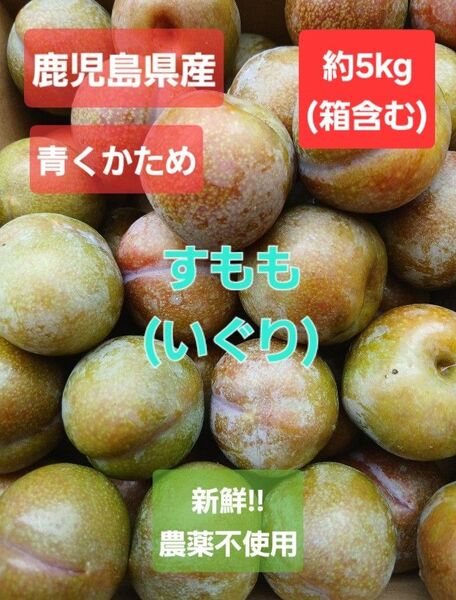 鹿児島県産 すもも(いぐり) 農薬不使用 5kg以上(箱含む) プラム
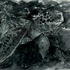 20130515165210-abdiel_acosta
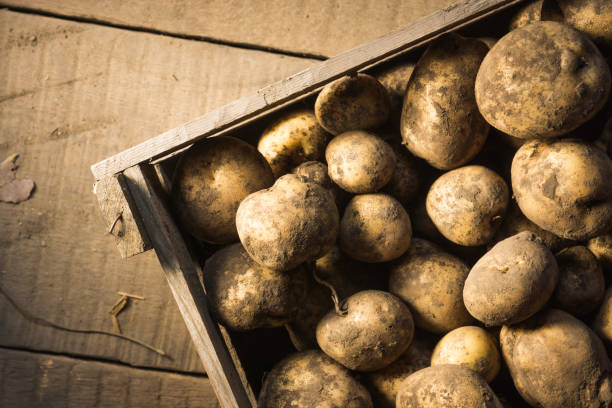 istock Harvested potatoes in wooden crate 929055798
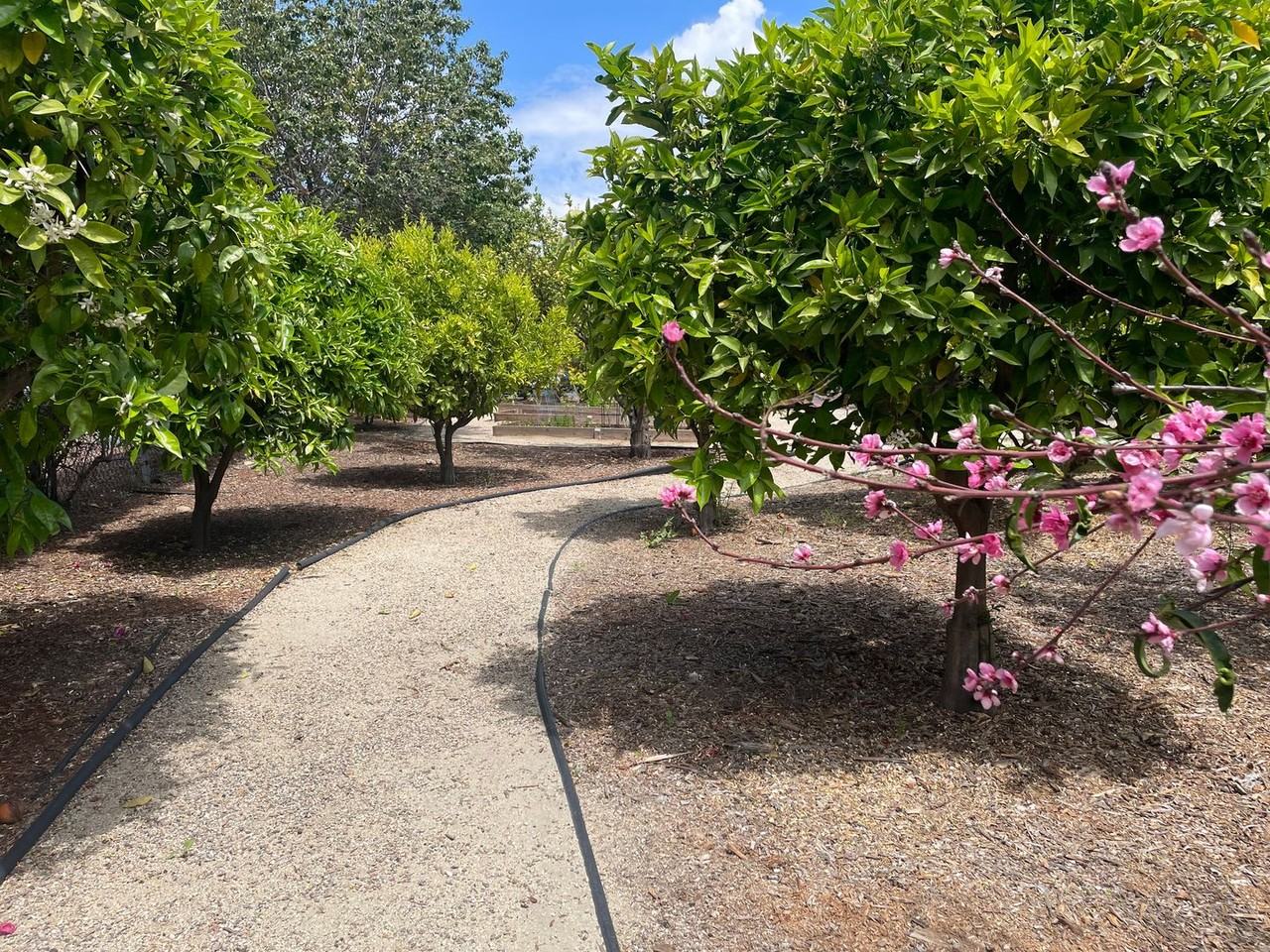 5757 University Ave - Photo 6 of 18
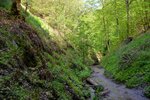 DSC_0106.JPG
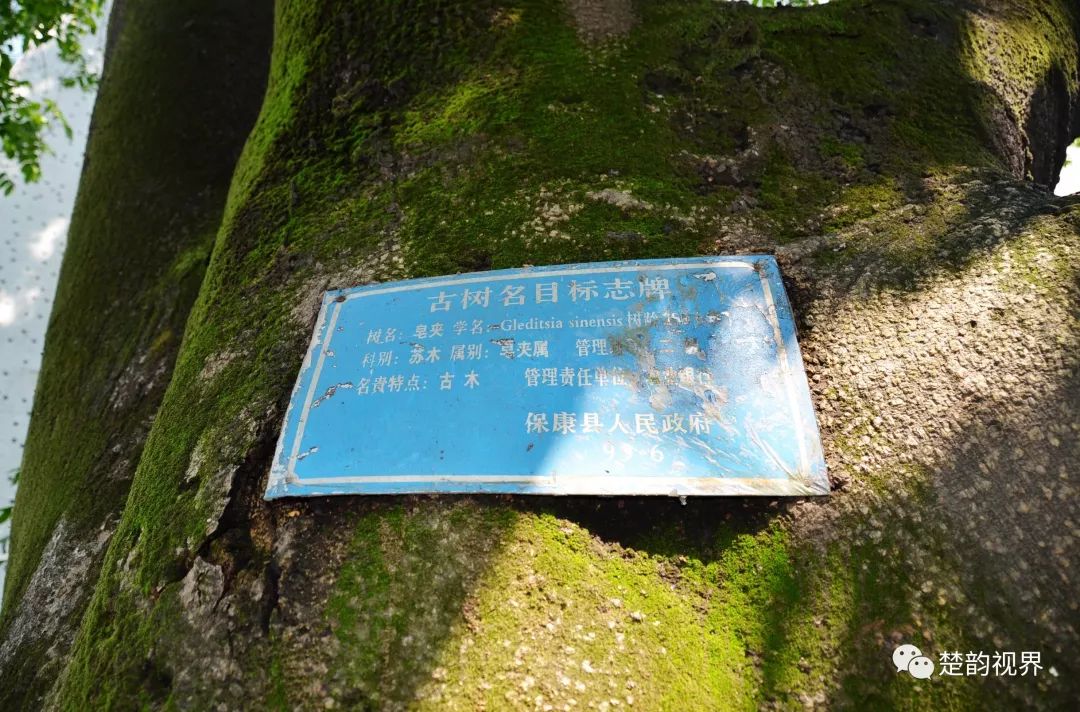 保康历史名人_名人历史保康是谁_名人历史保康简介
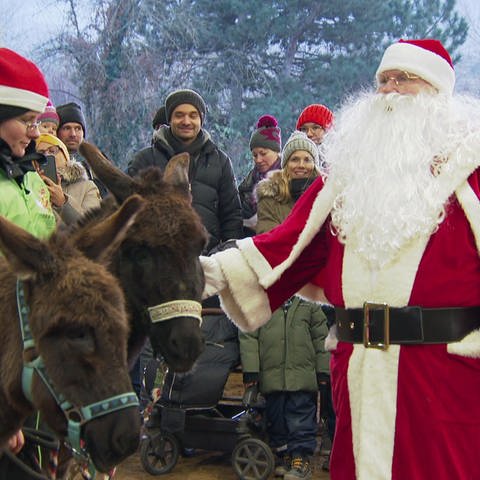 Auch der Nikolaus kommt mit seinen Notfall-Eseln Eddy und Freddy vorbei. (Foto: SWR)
------------------------------------
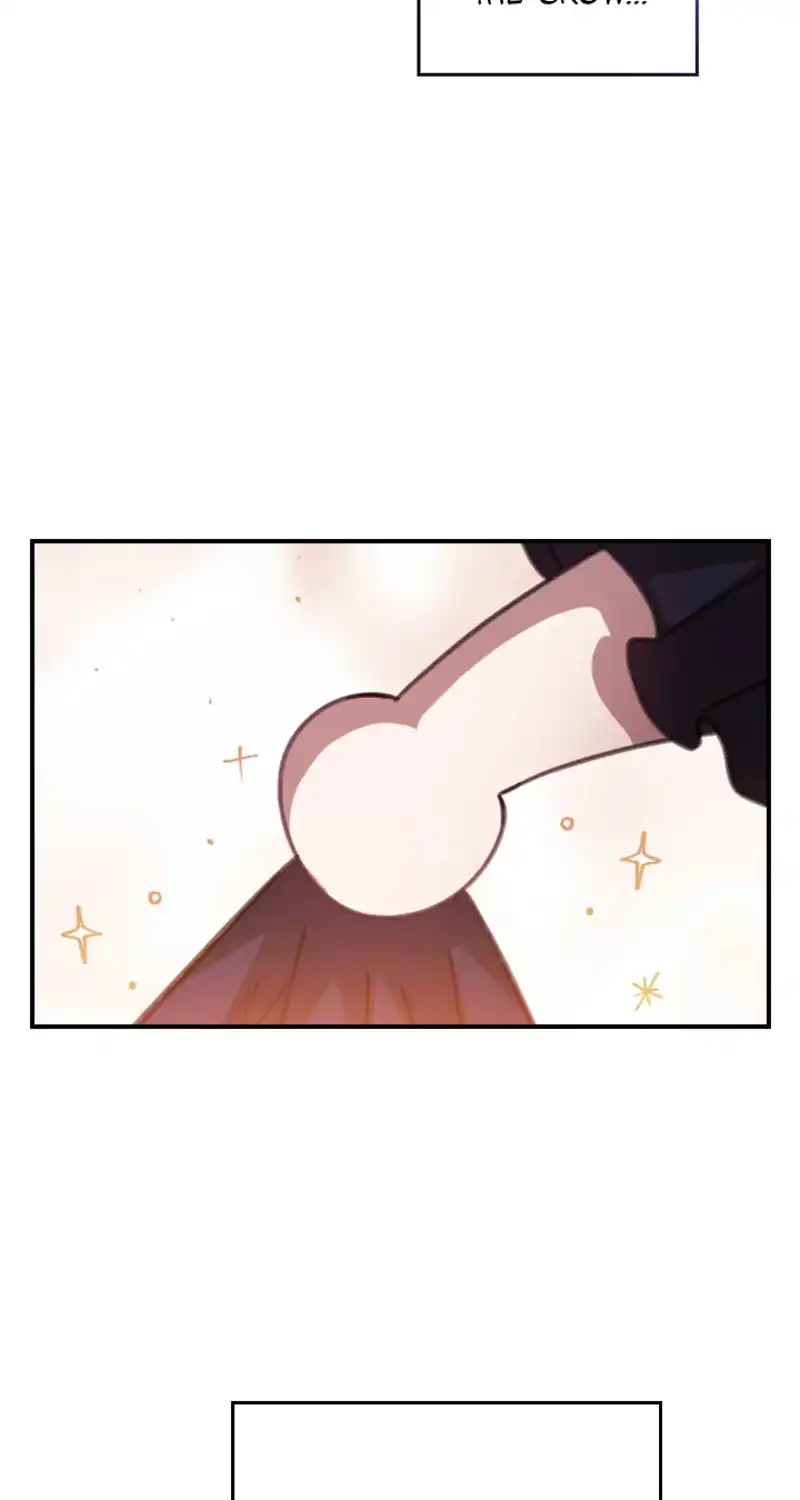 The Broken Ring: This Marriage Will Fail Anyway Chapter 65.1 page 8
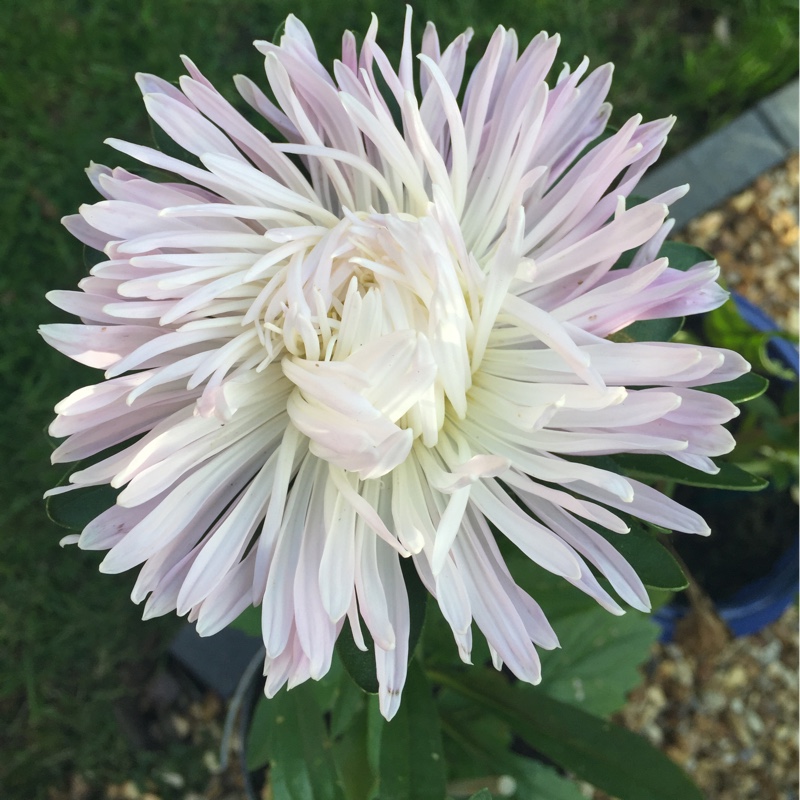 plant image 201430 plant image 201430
------------------------------------
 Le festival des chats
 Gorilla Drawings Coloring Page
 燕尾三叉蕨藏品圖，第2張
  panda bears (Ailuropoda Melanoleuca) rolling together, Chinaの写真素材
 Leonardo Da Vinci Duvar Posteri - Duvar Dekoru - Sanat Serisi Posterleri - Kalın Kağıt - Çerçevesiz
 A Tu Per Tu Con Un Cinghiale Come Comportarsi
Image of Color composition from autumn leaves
------------------------------------
Transcribe only this stretch of the data: the line with "鹿児島県産 すもも(いぐり) 農薬不使用 5kg以上(箱含む) プラム", the line with "Auch der Nikolaus", and every line in between. Leave out the pictures.

Written answer:
 鹿児島県産 すもも(いぐり) 農薬不使用 5kg以上(箱含む) プラム
 20130515165210-abdiel_acosta
 istock Harvested potatoes in wooden crate 929055798
 5757 University Ave - Photo 6 of 18
 DSC_0106.JPG
 保康历史名人_名人历史保康是谁_名人历史保康简介
 Auch der Nikolaus kommt mit seinen Notfall-Eseln Eddy und Freddy vorbei. (Foto: SWR)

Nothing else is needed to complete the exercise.